Unlike the wildly popular post-apocalyptic film genre, whose tales take place after the end of the world, Michael Mann’s 2004 film Collateral paints us a surreal portrait of Los Angeles before the shit hits the fan.
One night, a friendly Los Angeles cab driver named Max (Jamie Foxx) picks up a businessman named Vincent (Tom Cruise), who turns out to be a contract killer and coerces the driver to take him from hit to hit throughout the course of only several hours.
On their way to the fourth hit of the night, which occurs during the Korean nightclub shootout, Vincent and Max come across a pack of coyotes. One races in front of their car, while the other one casually walks past the memorized hit man and cab driver.
The theme of predator and prey is prominent in Collateral. Like these wild animals, Vincent is out on the prowl. Therefore, Vincent is seeing a stripped down, animal-like reflection of himself. Coincidentally, the coyote’s fur is also the same color as Vincent’s hair. So, perhaps, the contract killer’s gray hair is a result of his internal struggles with the outside world and his own guilty actions in it.
But, in the end, Vincent doesn’t ask for forgiveness or beg for mercy. He lives and dies by the code he has set for himself. Much like the coyote’s that will continue to roam that strip of land known as Los Angeles, long after Vincent, and perhaps everyone else, is long gone.
“I remember driving north on Fairfax and stopping for a light when these three coyotes walked diagonally across the intersection like they absolutely owned it,” director Michael Mann said during the film’s DVD audio commentary. “It wasn’t just a presence of wild animals in the middle of the city, but their attitude of this is their domain.”
Another unique aspect of the coyote-crossing scene is the Chris Cornell song “Shadow of the Sun” from his Audioslave period, which is perhaps best left in the decade that the film was released. Nevertheless, the lyrics “I can tell you why people die alone” mirrors both Max’s mother Ida’s (Irma P. Hall) unspecified illness, and Vincent’s ultimate death on the subway car later that night.

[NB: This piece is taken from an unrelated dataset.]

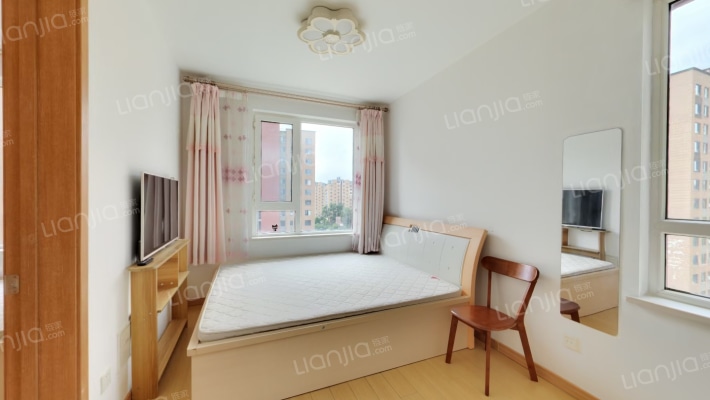 万科蓝山二手房实景图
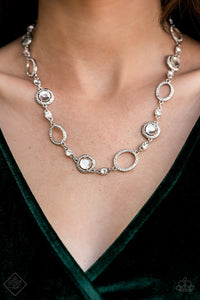 Paparazzi ~ Fiercely 5th Avenue ~ Fashion Fix Complete Trend Blend ~ White Necklace Set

While skyscrapers and electronic gizmos, such as cell phones, GPS, and laptops riddle the entire film; Collateral reminds us that these minor achievements may not be permanent once the coyotes reclaim the space that modernity is only renting from them. Even the high-definition digital cameras that perfectly capture the silhouettes of the swaying palm trees aren’t exempt.
Collateral also highlights the convenience of modern travel. Not only does Max drive Vincent from hit to hit in his cab, Vincent is first introduced at the same airport where he intends to leave the city he hates so much by night’s end. Planes also constantly fly overhead, almost taunting Max and Vincent.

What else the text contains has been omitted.